SEO professionals have long debated whether one can ascertain and benefit from an ideal keyword frequency, density, and distribution (FDD) in SEO copywriting. Some assert that FDD was more heavily weighted by SEs in the past than today. The SEO people at DISC have not found a convincing refutation to the argument that

  • Search engine algorithms must assign some weight to the FDD of key phrases and conceptually related phrases;
  • SEO copywriters do write in key phrases, with or without an FDD ideal in mind;
  • strategically repeated key phrases in SEO writing do not take a lot more time than producing good copywriting anyway;
  • therefore, having at least a loose FDD guideline, preferably one supported by FDD reverse engineering, is better than having none at all.

Even if FDD accounts for only 25% of a page’s search engine position, that 25% is relatively easily controlled, thus making FDD deliver high ROI. And what if FDD accounts for more like 50%? The verbal components of a site’s CMS-SEO can be written correctly once and for perpetuity.
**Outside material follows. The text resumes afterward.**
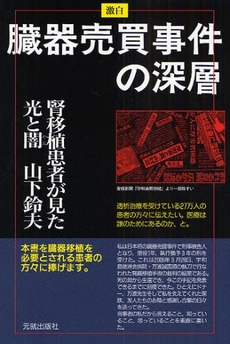 良書網 激白臓器売買事件の深層 出版社: 元就出版社 Code/ISBN: 9784861061677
If a given page’s copywriting does not have to be changed frequently, the ROI is even better.

Reverse Engineering FDD

In theory, one can reverse engineer FDD by compiling data from equivalent, top-ranked sites, and then using spreadsheets (perhaps helped by software like GRKda) to derive normative values. Given enough data, one can arrive at a useful, if not precise, FDD for all verbal parts of a web page. (Explaining how to factor out PageRank, number of incoming links, age of the site, internal links, key phrase distribution in link anchor text, and several other confounding variables exceeds the scope of this essay). DISC has done this reverse engineering yearly for about 10 years. In the early years of SEO, there were less confounding variables because SEs weighed fewer off-page factors than they do today. You can imagine that the typical repetition of a phrase when humans write about a topic would not change much because human brains and the deep grammar of language have not changed much, if at all. DISC’s research confirms this logical supposition.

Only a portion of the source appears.